Near-bound species (slack $n_i - \ell_i \lesssim 10^{-8}\,\max_j(n_j - \ell_j)$) with $\partial f/\partial n_i \geq 0$ are excluded from $\|e_x\|_\infty$: their log-barrier term $-\mu/(n_i - \ell_i)$ diverges as $n_i \to \ell_i$, making the optimality norm artificially large even when the species is correctly absent.

Newton step via Schur complement

KKT linear system

At each Newton iteration we solve the $(n_s + m) \times (n_s + m)$ saddle-point system:

\[\begin{pmatrix} H & A^\top \\ A & 0 \end{pmatrix} \begin{pmatrix} \delta n \\ \delta y \end{pmatrix} = -\begin{pmatrix} e_x \\ e_w \end{pmatrix}\]

where $H = \operatorname{diag}(h)$ is the barrier-augmented Hessian diagonal:

\[h_i = \frac{\partial^2 f}{\partial n_i^2} + \frac{\mu}{(n_i - \ell_i)^2}.\]

Schur complement reduction

Because $H$ is diagonal, $\delta n$ can be eliminated analytically. From the first block row: $\delta n = -H^{-1}(e_x + A^\top \delta y)$. Substituting into $A\,\delta n = -e_w$ gives the $m \times m$ Schur system:

\[S\,\delta y = e_w - A H^{-1} e_x, \qquad S = A H^{-1} A^\top \in \mathbb{R}^{m \times m}.\]

Once $\delta y$ is found, $\delta n$ is recovered by back-substitution.

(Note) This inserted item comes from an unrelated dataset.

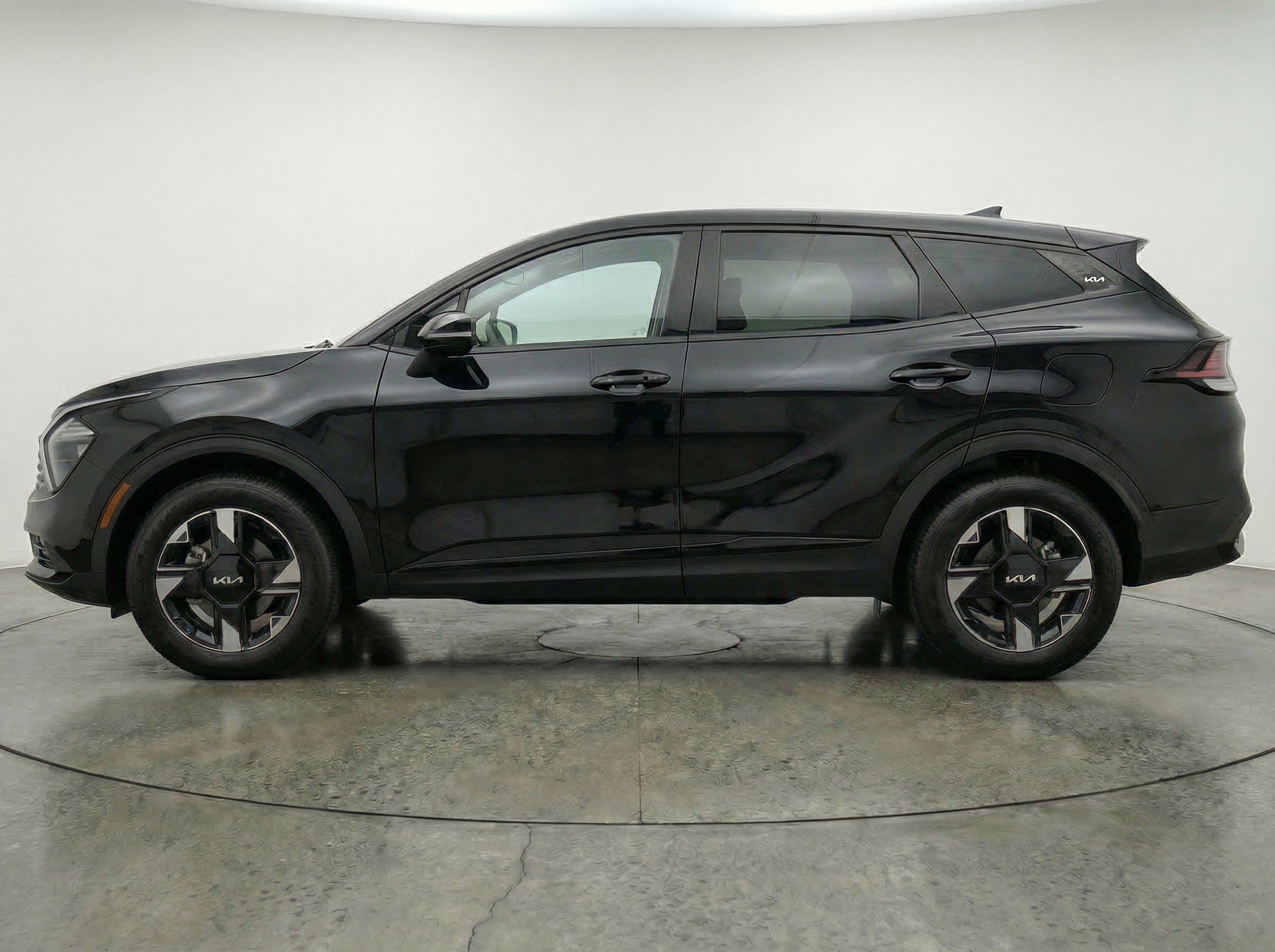 Thumbnail: 2026 Kia Sportage - 5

Implementation. $S$ is built as a single BLAS GEMM: $S = \tilde{A} A^\top$ where $\tilde{A}_{ik} = A_{ik}/h_k$ is computed in-place. The RHS is then the BLAS GEMV $e_w - \tilde{A}\,e_x$, and $\delta n$ is recovered by the BLAS GEMV $A^\top\!\delta y$. All three operations reuse the same pre-allocated buffer $\tilde{A}$ (field AoverH of NewtonStep).

The total cost is $O(n_s m^2)$ to build $S$ and $O(m^3)$ to factor it. Since $m$ (number of conserved elements) is typically $\leq 15$, this is far cheaper than factoring the full $(n_s + m)$-dimensional system.

Numerical conditioning

Two techniques stabilise the Schur solve when some conservation rows correspond to absent species (zero element budget):

  1. Tikhonov regularisation: add $\delta_{\rm tik} I$ with $\delta_{\rm tik} = 10^{-14}\max_i S_{ii}$ before factorisation, preventing near-zero pivots.
  2. Diagonal equilibration: scale row and column $i$ by $1/\sqrt{S_{ii}}$ so all diagonal entries equal 1, reducing the condition number from $O(10^7)$ to $O(1)$ in titration-type problems.

Conservation matrix canonicalisation

Canonicalizer decomposes $A$ via QR with column pivoting:

\[A Q = [B \;\; N], \qquad B \in \mathbb{R}^{m \times m}\text{ full rank}.\]

The LU factorisation of $B$ is cached and reused across Newton steps, reducing each back-substitution to $O(m^2)$ rather than $O(m^3)$. When $A$ is fixed across a sequence of solves (e.g. a temperature scan), pass the pre-built Canonicalizer to solve to skip the QR entirely.

Fraction-to-boundary step limit

Before the line search, the full Newton step is scaled to keep all components strictly above their lower bounds:

\[\alpha_{\max} = \min_{i:\, \delta n_i < 0} \frac{-\tau\,(n_i - \ell_i)}{\delta n_i}, \qquad \tau = 0.995.\]

Additionally, unstable variables — species that are near their lower bound ($n_i - \ell_i \lesssim 10^{-8}\max_j(n_j - \ell_j)$) with $e_{x,i} \geq 0$ (gradient pushing toward the bound) — receive a further reduced step:

\[\delta n_i \;\leftarrow\; \max\!\Bigl(\delta n_i,\; -\tfrac{\tau}{2}(n_i - \ell_i)\Bigr).\]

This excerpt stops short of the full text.